Users vs Revenue: Founders and VCs chase people, not just profit

By , 5 May 2015 at 17:56
[embed]https://www.youtube.com/watch?v=tNd4XVaBvks[/embed]
Business

Users vs Revenue: Founders and VCs chase people, not just profit

By , 5 May 2015 at 17:56

By Yelena Kensborn (@yelenakensborn), Contributor

If a wizard looked through his crystal ball and witnessed the current startups scene, he would have given up on magic and become a carpenter.

“You can’t get rich if no-one’s paying,” he would have thought. “My magic is jinxed”.

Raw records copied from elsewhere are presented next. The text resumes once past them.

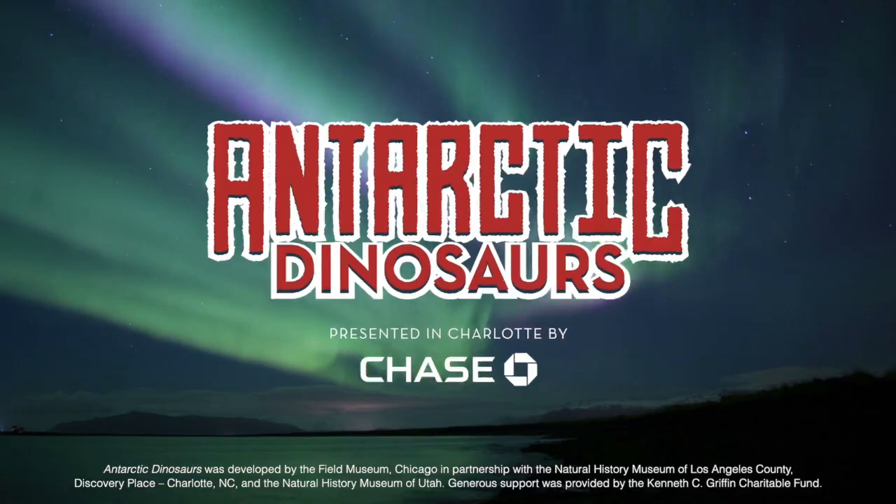Hi, I'm Callie. I'm a presenter here at Discovery Place Science and I'm going to take you on a virtual tour of our latest exhibition, Antarctic Dinosaurs. Come on, let's go!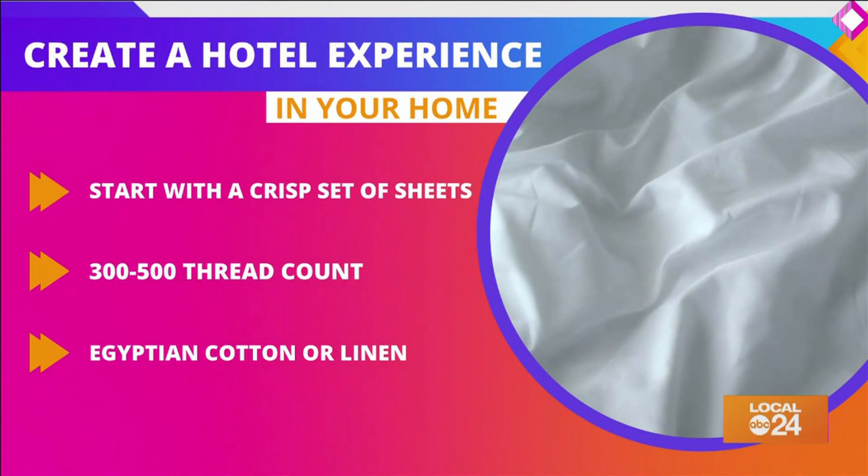Start with your sheets. Go for a crisp set of sheets. White is what you'd expect on a hotel bed, but the feeling is what matters the most. Find sheets that are 300 to 500 thread count. Egyptian cotton and linen are both good options for the fabric of your sheets.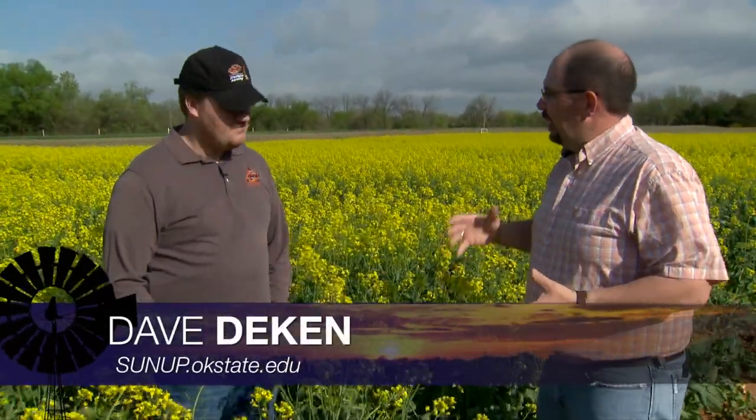Good morning and welcome to SUNUP. I'm Dave Deacon and the canola is really blooming across the state. It looks probably like one of the best ones yet.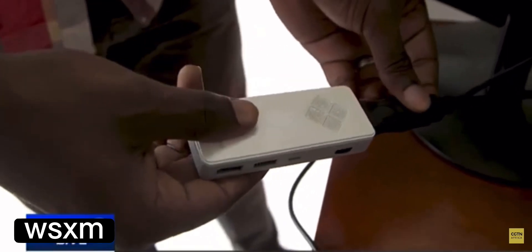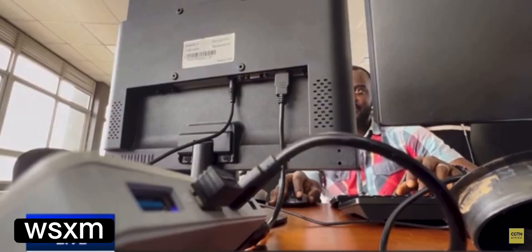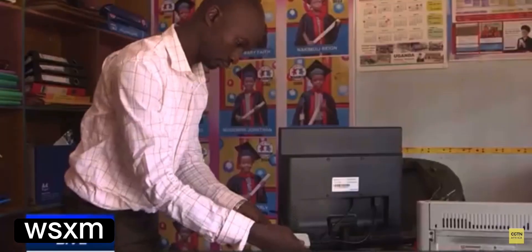The Microfuse stick computer is a portable device that can be plugged into any screen for work, learning, or entertainment purposes. This computer device costs about $99, compared to a desktop computer which goes for more than $400. Developers are now planning to manufacture more Microfuse devices and are working with partners to allow people, students, and parents to buy the technology in installments — an affordable financing option.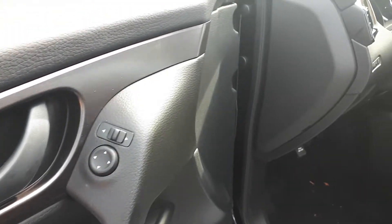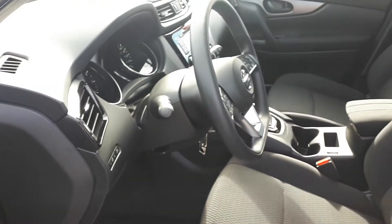On the driver's side door we have the power mirrors, locks and windows, and an automatic driver's side window.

It can be hard to comprehend, but the user, not the profit is the reaper in the startup world. Entrepreneurs and VCs chase people, not pounds. I believe it’s why companies such as Snapchat get valued at $10bn while posting zero in revenue.

As Silicon Valley bank’s VP Bindi Kaira told ‘Digital Futures’ : “More often than not, you see U.S. VCs giving those types of valuations to the mass volume. Because they know that the revenues will follow.” You can watch the video below…

The economy of scale was epitomised in the early noughties when a social network crossed all borders, uniting a billion people through one portal – Facebook. Free to use, it has been a slightly rocky road to profit, but when you look at their $12,47 billion annual revenues, it has been worth the effort.

With VC’s investing in users, introducing a paywall could also jeopardise mass growth and devalue the next investment round for a startup, making founders think twice before trying to monetize their customers.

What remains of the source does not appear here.